## What the exercise asks
Could you repeat the entries below exactly, but only from the line with "A vendre maison" through the line with "Low-Rise Power Skinny Jeans - Picture 9 of 13", and without any picture?

[Crawled caption data]
====

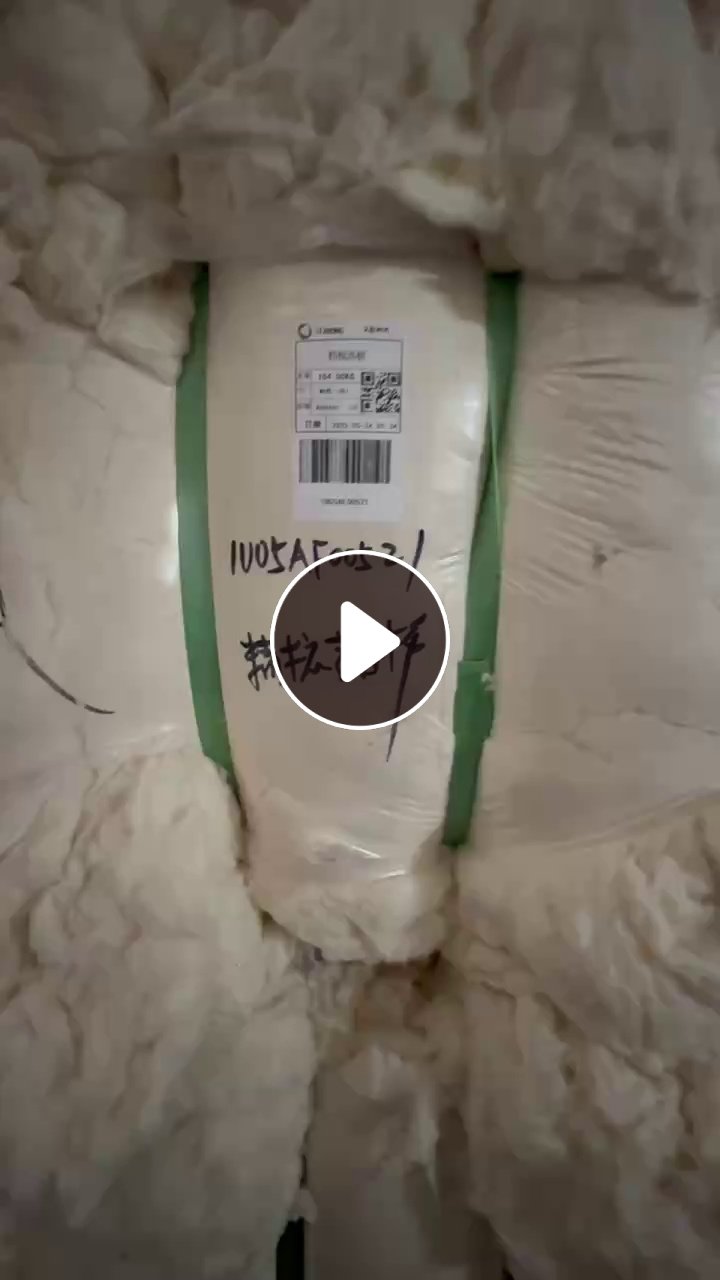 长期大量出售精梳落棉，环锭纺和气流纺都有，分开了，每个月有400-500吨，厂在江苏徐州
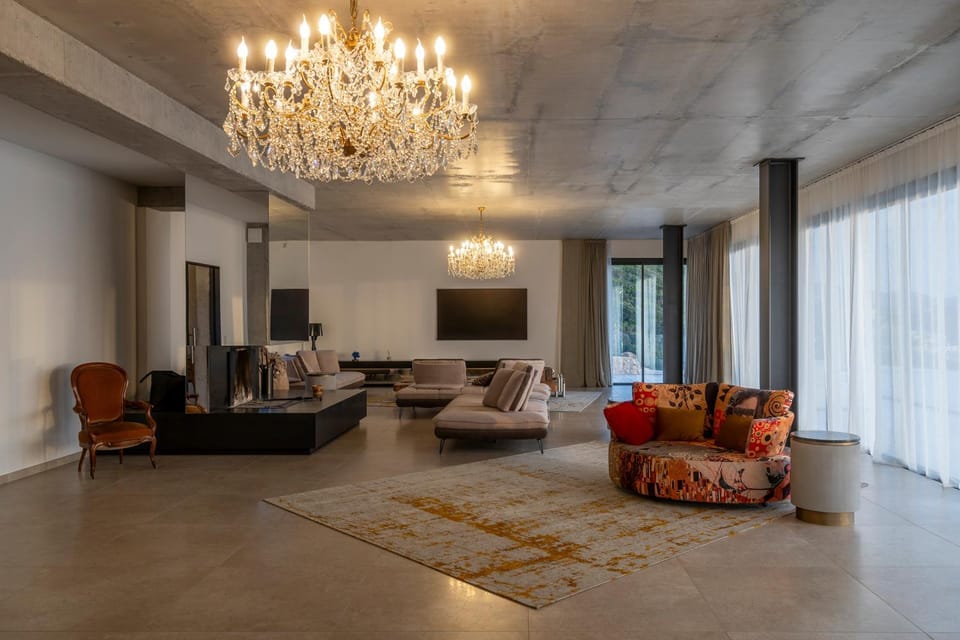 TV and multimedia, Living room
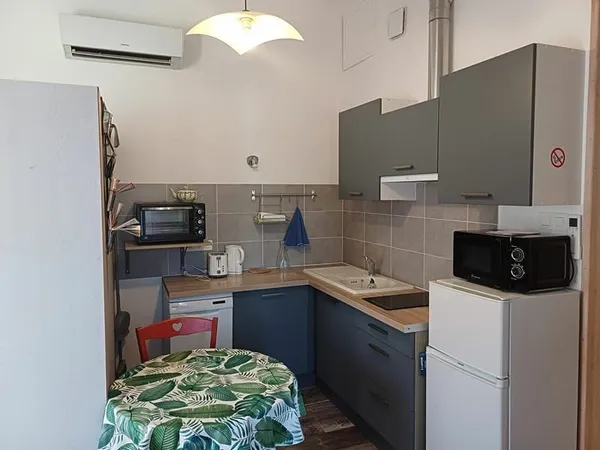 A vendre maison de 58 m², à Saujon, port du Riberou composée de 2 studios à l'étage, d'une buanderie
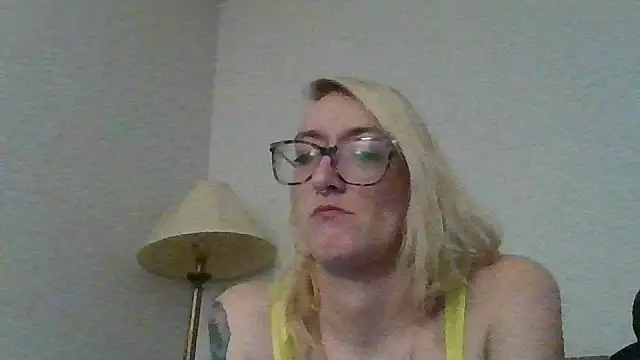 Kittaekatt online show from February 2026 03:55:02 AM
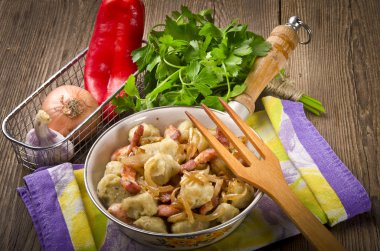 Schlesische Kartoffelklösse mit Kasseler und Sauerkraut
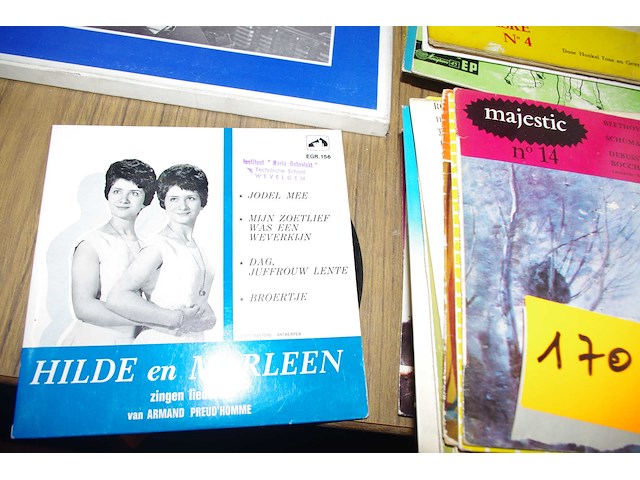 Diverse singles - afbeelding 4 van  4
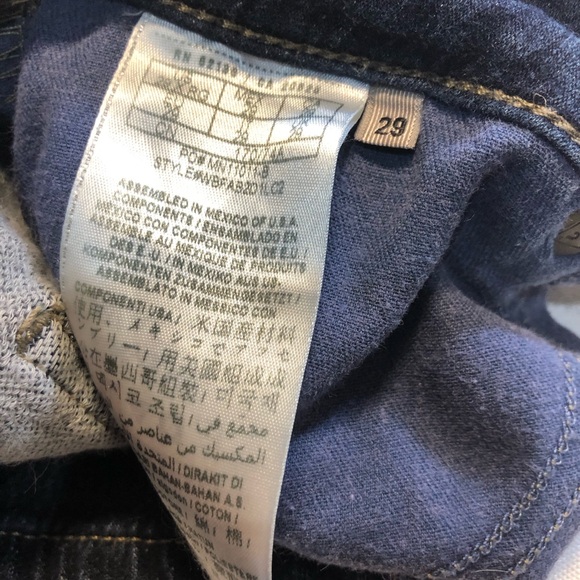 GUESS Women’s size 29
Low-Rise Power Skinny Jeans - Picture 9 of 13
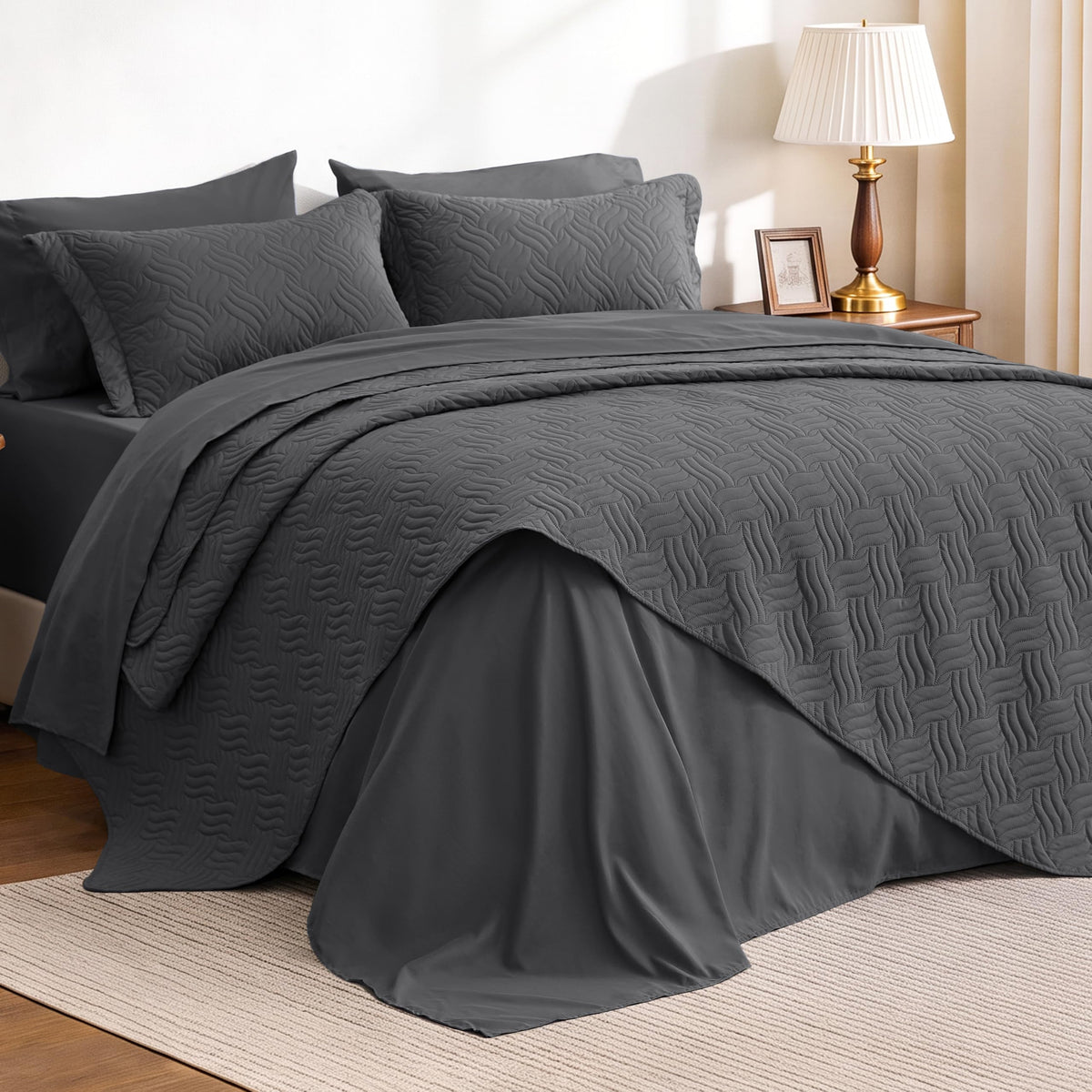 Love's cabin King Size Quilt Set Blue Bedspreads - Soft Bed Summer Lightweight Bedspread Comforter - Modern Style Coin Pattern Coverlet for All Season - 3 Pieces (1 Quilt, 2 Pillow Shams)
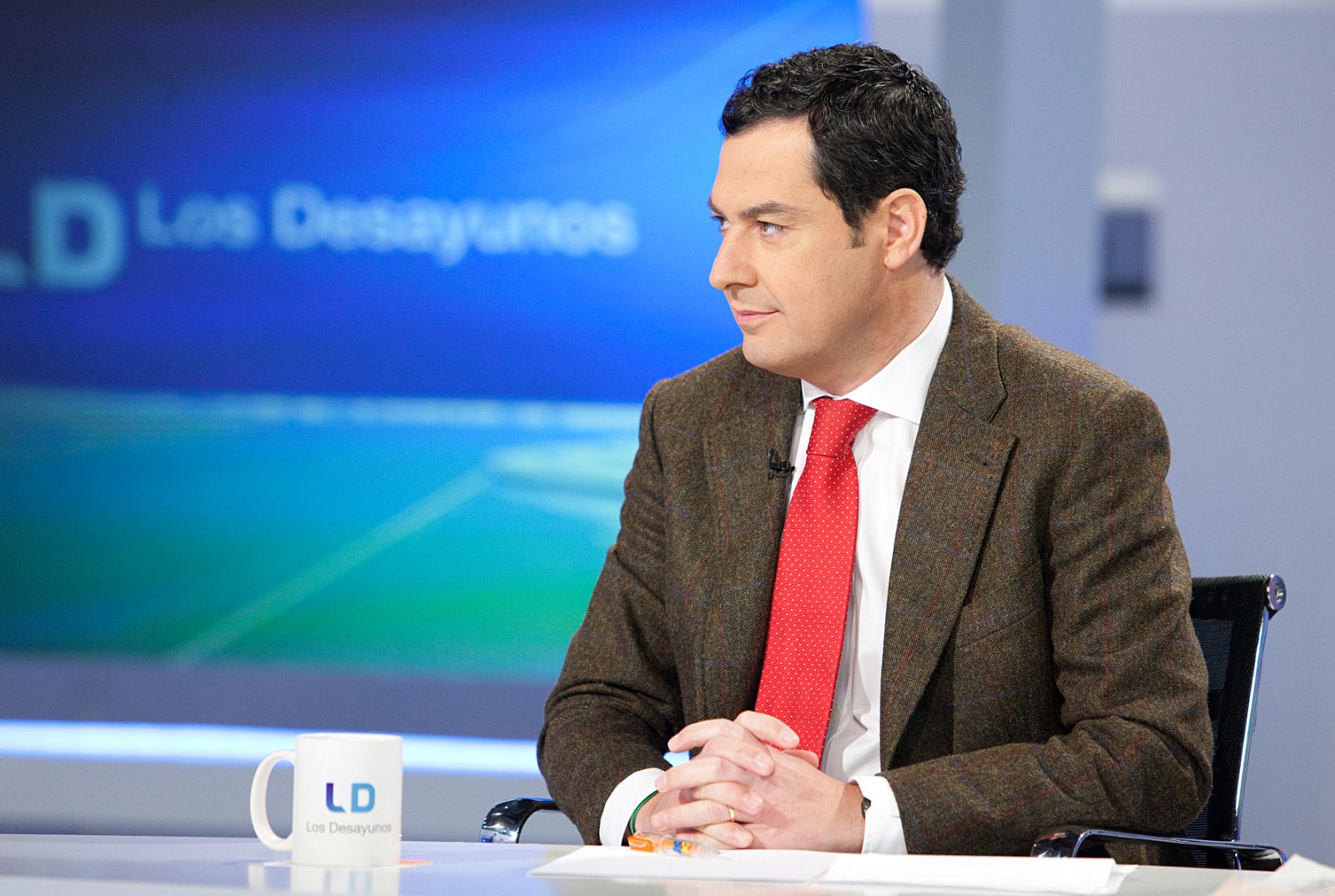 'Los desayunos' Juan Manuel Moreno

====

## Answer to this problem
 A vendre maison de 58 m², à Saujon, port du Riberou composée de 2 studios à l'étage, d'une buanderie
 Kittaekatt online show from February 2026 03:55:02 AM
 Schlesische Kartoffelklösse mit Kasseler und Sauerkraut
 Diverse singles - afbeelding 4 van  4
 GUESS Women’s size 29
Low-Rise Power Skinny Jeans - Picture 9 of 13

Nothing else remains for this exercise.